Alfred T. Anderson, Jr.
Professor Emeritus, Department of the Geophysical Sciences and the College
Editor, Journal of Geology

Department of the Geophysical Sciences
5734 S. Ellis Ave.
HGS 369
Chicago, IL 60637 USA
Phone: 773/702-8138
E-mail: canderso@uchicago.edu

Publications

Solid Earth and Planetary Sciences

A main interest is in how volcanoes work. Why is a volcano a hill? Why does magma erupt rather than solidify at depth? Are volcanoes rooted in big bodies of buried magma? Do plutons outgas mainly through volcanoes? Undergraduate and graduate students and a postdoctoral associate have recently worked with me on rocks from Kilauea, Hawaii, the rhyolitic Bishop Tuff, California. Studies of New Zealand rhyolites are just beginning. Our work uses physical and chemical analysis of pumice and melt inclusions in volcanic phenocrysts to assess the pressure of crystallization and the amount of gas in preeruptive magma. In this way we can estimate its bulk density and infer whether buried magmas accumulate gas. Preeruptive exsolved gas in magma is probably at least as important as dissolved volatiles in governing the preeruptive as well as eruptive behavior and evolution of magma.

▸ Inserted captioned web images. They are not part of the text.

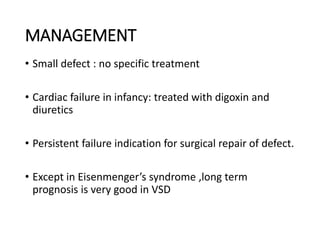 MANAGEMENT
• Small defect : no specific treatment
• Cardiac failure in infancy: treated with digoxin and
diuretics
• Persistent failure indication for surgical repair of defect.
• Except in Eisenmenger’s syndrome ,long term
prognosis is very good in VSD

Our studies of Kilauea Volcano, Hawaii focus on the way gas and crystals separate from melt beneath the volcano. We are investigating the idea that shield volcanoes form because new magma that rises into a subvolcanic magma body is dense. The subvolcanic magma body probably is neutrally buoyant relative to porous and fractured rock walls. The level and pressure of neutral buoyancy is controlled by the crushing strength of rock. For load pressures greater than about 2000 atmospheres, voids and cracks are crushed shut and the rocks become denser than magma. This rock densification determines the pressure at the bottom of the subvolcanic magma storage reservoir. New melt that enters from below, although relatively hot, is compositionally dense. If it is poor in gas, it is not buoyant and will remain at depth and be blanketed by overlying rock and magma. Upward accumulation of gas through such a reservoir seeks its highest point. Therefore, the location of the main eruptive vent remains fixed even though the tectonic source of magma migrates. This may be why, with steady migration of the Pacific plate over the Hawaiian hot spot, a succession of individual volcanoes forms rather than a continuous ridge or line.

So far we have established that the new, dense, picritic magma which erupted from Kilauea's summit magma storage reservoir in 1959 was able to do so because it was gassy and, therefore buoyant. Consequently, it erupted rather than ponding at depth. Ongoing studies of other Kilauean magmas aim to establish their preeruptive gas contents, depths of emplacement into the reservoir, and consequent crystallization.

Work on rhyolitic magmas has focussed on the Bishop Tuff, California. Graduate students Chris Skirius (now at OMNI Labs, Houston) and Fangqiong Lu (IBM, Austin) analyzed H2O and CO2 (using infrared spectroscopy) and trace elements in melt inclusions (using the ion microprobe with the help of Andy Davis). Their work demonstrated that later erupting Bishop magma was poorer in H2O, richer in CO2 and that phenocrysts sank into less evolved magma.

Post-doctoral associate Paul Wallace established the amount of gas that was in early-erupted Bishop magma. Big bodies of silicic magma may commonly contain large amounts of gas that have accumulated from huge (batholithic) reservoirs of magma beneath them. This concept has important implications for stratospheric injections of volcanic sulfur as well as for some ores and the outgassing and rigidification of new continental crust.

Our ongoing work in 2001 includes studies of cathodoluminescent zoning in some of the same phenocrysts of quartz fromthe Bishop Tuff. Different zoning features re correlated with different stratigrafic units and reveal that these magmas did not mix after the crystals grew their outermost 20 to 60 micron thick rims. Former undergraduate student Bret Peppard (now at Michigan, Ann Arbor) has written a manuscript on this work that is now being revised for publication.